Ne diyor tasarı? Tasarıyı kabul etmiş ülkelerden biri, bir kişinin ya da şirketin malvarlığının “terörle mücadele” kapsamında el konulmasını istediğinde, el konuluyor. Hükümet bu tasarının arkasında. Yeni TCK ve CMK’nın oluşumunda ciddi payı olan Adem Sözüer’e göre, tasarını yasalaşması için uluslararası baskı var. Uluslararası demek, başını ABD’nin çektiği birkaç başka batılı ülkenin talebi demek. Sözüer, tasarı yasalaşırsa her şirketin batırılabileceğini söylüyor. Çünkü malvarlığını dondurma için mahkeme kararı gerekmiyor.

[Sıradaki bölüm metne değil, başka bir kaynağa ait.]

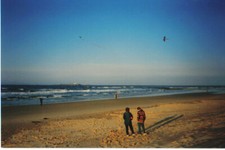 Photo 6x4 What a great place to fly a kite Bamburgh Dunes south of Bambu c1993 picture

Mahkeme kararı gerekmeden, Bakanlar Kurulu kararıyla alınacak kararlar.
(Tasarıya ilişkin partilerin bakışı, bugünkü Radikal’de Mehmet Bilber’in haberinde var.)

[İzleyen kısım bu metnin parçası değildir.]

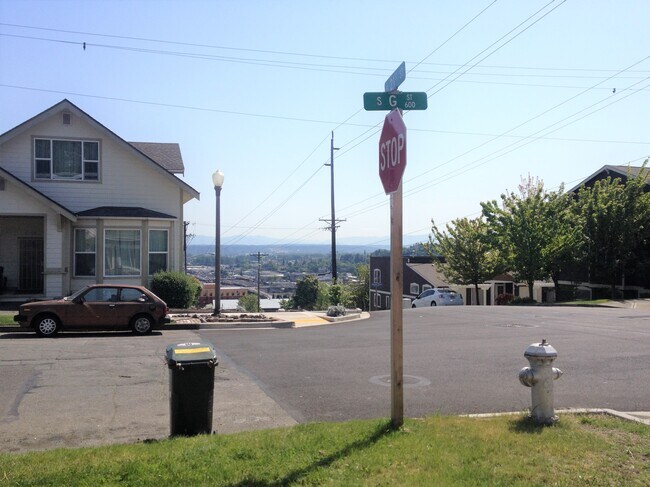 Building Photo - 1956 S G St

Nedir bu? Şirketlerin, ülke sınırlarında ya da uluslararası ölçekte ticaretle meşgul olanların malvarlığını dondurma için, el koyma için, faaliyetlerini engelleme için mahkeme kararı aranmaması ne anlama gelir?

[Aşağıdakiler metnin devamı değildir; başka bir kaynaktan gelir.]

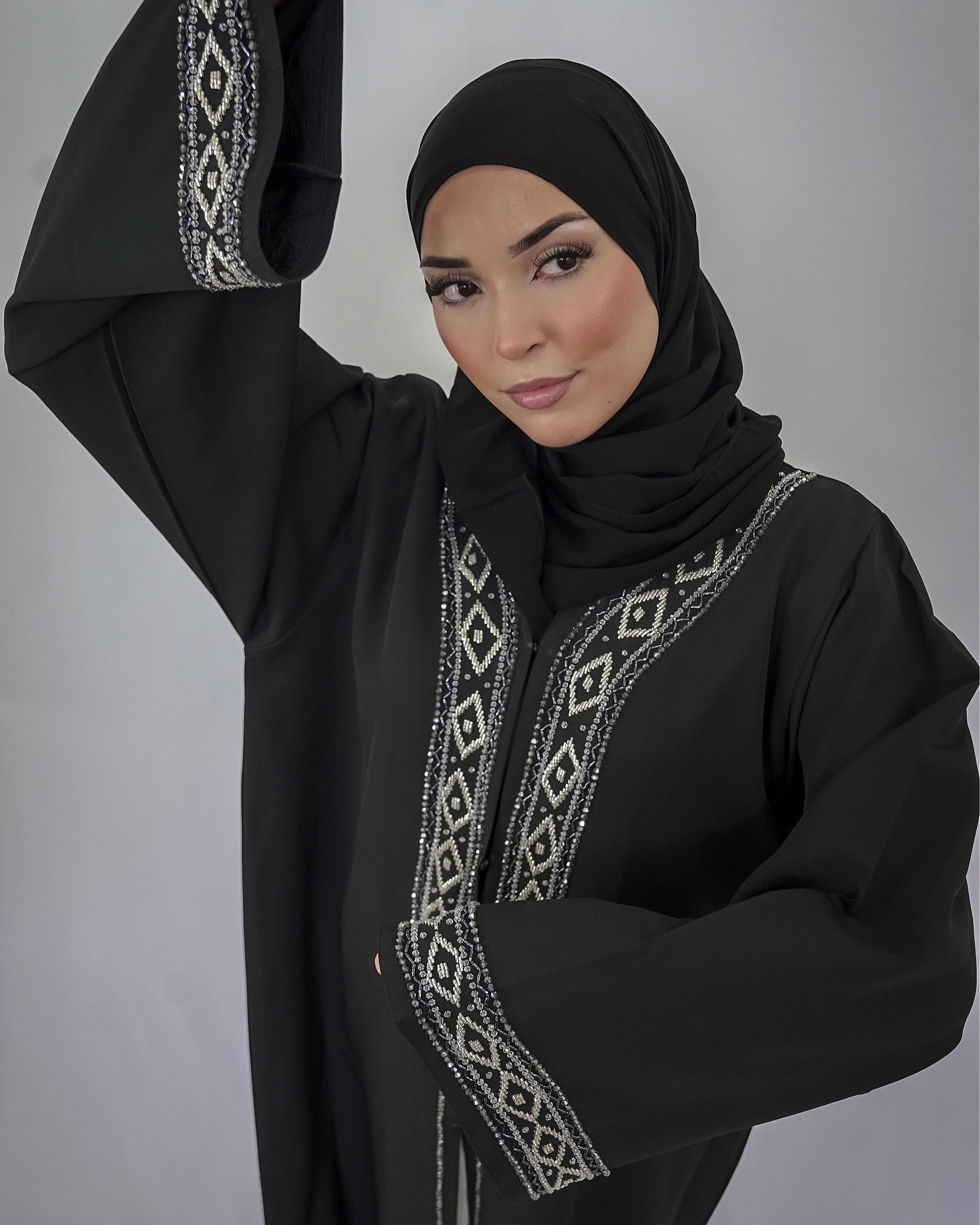 Qamar Abaya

Tekrar olacak, ama hep aynı noktadayız: Giorgio Agamben, Batı demokrasilerinde özellikle ikinci dünya savaşı yılları ve öncesinde neredeyse salgın halinde görülen “olağanüstü hal” uygulamasının, ABD’nin başını çektiği neoliberal küreselleşme döneminde olağan bir yönetim ilkesine dönüştüğünü söyler. İtalyan düşünürün ‘Olağanüstü Hal’ adlı kitapta uzun uzun incelediği bu eğilim, Guantanamo’yu mümkün kılmıştır. ABD, tüm hukuki tanımlardan özenle soyulmuş, çıplak yaşamın (ölümü ya da kalımı hukuki sonuç doğurmayan yaşamın) üretildiği/yerleştirildiği ikinci dünya savaşı kampını yeniden ve normalleştirerek üretmiştir. Guantanamo’nun özelliği şudur: Ne yurttaş, ne “düşman”, ne de aslında “yabancı”dırlar; Batı hukuk tarihinin tüm gelişmeleri ve koruyucu mekanizmaları dışlanmıştır bu hukukun dışındaki kara parçasından. Orası, 2. Dünya Savaşı’nın toplama kamplarındaki gibi, hukuki durumları özenle belirsizleştirilmiş, yaşamları, varlıkları hukuki tartışma konusu yapılmayacak, haklarından soyutlanmış insanların mekanıdır.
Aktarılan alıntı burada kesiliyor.